Though it likely won't be at the beginning of the season, expect Bart to join the Giants at some point next year.

Heliot Ramos, Outfielder

Ramos, who just recently turned 20 years old, came into the season after a down year in Low A Augusta. He made the needed adjustments over the winter, however, and was the Giants' most impressive prospect this year. 

Built more like a running back than a center fielder, Ramos showed off his five-tool potential this year. The Giants' top pick in the 2017 draft hit .306 with 13 homers and an .885 OPS. He was promoted to Double-A the same day as Bart and hit .242 with three more homers for the Flying Squirrels. 

At the time of his call-up, Ramos was the youngest prospect ever to play for Richmond. He hit .290 with 16 homers, 24 doubles and an .850 OPS. There's no overstating just how special he was this season at such a young age. 

Ramos will be 20 all next season. The Giants want he and Bart to be on similar paths to the majors, but will they bring him up that young? 

When the Giants drafted Ramos, he said he wanted to play at Oracle Park in three years.

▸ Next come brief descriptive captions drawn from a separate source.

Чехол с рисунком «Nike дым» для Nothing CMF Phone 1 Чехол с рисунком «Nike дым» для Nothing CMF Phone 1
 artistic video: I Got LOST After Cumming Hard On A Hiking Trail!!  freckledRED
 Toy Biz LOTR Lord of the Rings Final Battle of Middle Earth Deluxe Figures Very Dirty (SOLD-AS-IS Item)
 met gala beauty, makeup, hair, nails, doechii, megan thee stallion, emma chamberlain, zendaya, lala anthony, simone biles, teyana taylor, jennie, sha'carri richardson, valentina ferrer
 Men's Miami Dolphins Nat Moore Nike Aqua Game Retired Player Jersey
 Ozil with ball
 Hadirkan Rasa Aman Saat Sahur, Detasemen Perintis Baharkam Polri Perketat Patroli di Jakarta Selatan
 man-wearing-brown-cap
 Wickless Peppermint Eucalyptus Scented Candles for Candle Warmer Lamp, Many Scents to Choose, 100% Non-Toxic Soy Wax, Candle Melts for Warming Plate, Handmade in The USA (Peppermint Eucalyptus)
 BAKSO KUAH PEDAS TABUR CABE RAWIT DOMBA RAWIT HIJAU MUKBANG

It's quite the stretch, but don't doubt the young star.

Marco Luciano, Shortstop

For as much hype as Bart and Ramos garnered this year, Luciano might have earned even more. 

Luciano turned 18 less than a week ago. Like Ramos, he's extremely advanced for his age. Already standing 6-foot-2 and 178 pounds, Luciano hit .322 with 10 homers and a 1.055 OPS over 38 games in the Arizona Rookie League. He also added nine doubles, two triples and eight stolen bases. 

Before he even turned 18, Luciano played nine games with Salem-Keizer. His season was cut short due to an ankle injury, but it's not thought to be serious.

President of baseball operations Farhan Zaidi has raved about Luciano and the shortstop already is getting compared to a young Alfonso Soriano. Giants fans will need some patience with this one, but he looks to be worth the wait. 

Shaun Anderson, Pitcher 

All Anderson needed was eight starts with Sacramento this season to get called up to San Francisco. His future, however, still is a bit of a mystery.

Anderson, 24, was 2-1 with a 3.76 ERA for the River Cats over eight starts when he received his promotion. He has had his ups and downs with the Giants, especially as a starter. 

The young right-hander had a 5.33 ERA with six strikeouts per nine innings and a 1.8 strikeout-to-walk ratio in 16 starts with the Giants. He recently has pitched as a reliever, striking out 11 batters in 9 2/3 innings. Anderson is posting 10.2 strikeouts per nine innings out of the bullpen and his strikeouts-to-walk ratio has jumped to 2.8. 

There's no doubt Anderson will have a future on the mound in the majors. Whether he's starting games or relieving -- possibly as the Giants' closer -- is yet to be determined.

Logan Webb, Pitcher 

Webb came into the year as the Giants' fastest rising pitching prospect. He then had a 2.00 ERA with Richmond after the first month of the season, but was suspended 80 games for PEDs. 

The 22-year-old breezed through the minors upon his return and was called up to the Giants on Aug. 17. He's looked like a future ace at times, but also has had moments where he's seemed overmatched.

Webb has struggled with his command in the past and is dealing with the same issues in the bigs. He only has lasted at least five innings in two of his five starts so far. That doesn't mean he can't lead this staff one day, though. 

For now, the Giants can deal with Webb's shortcomings. He has the repertoire and tenacity to stay in the rotation for a long, long time.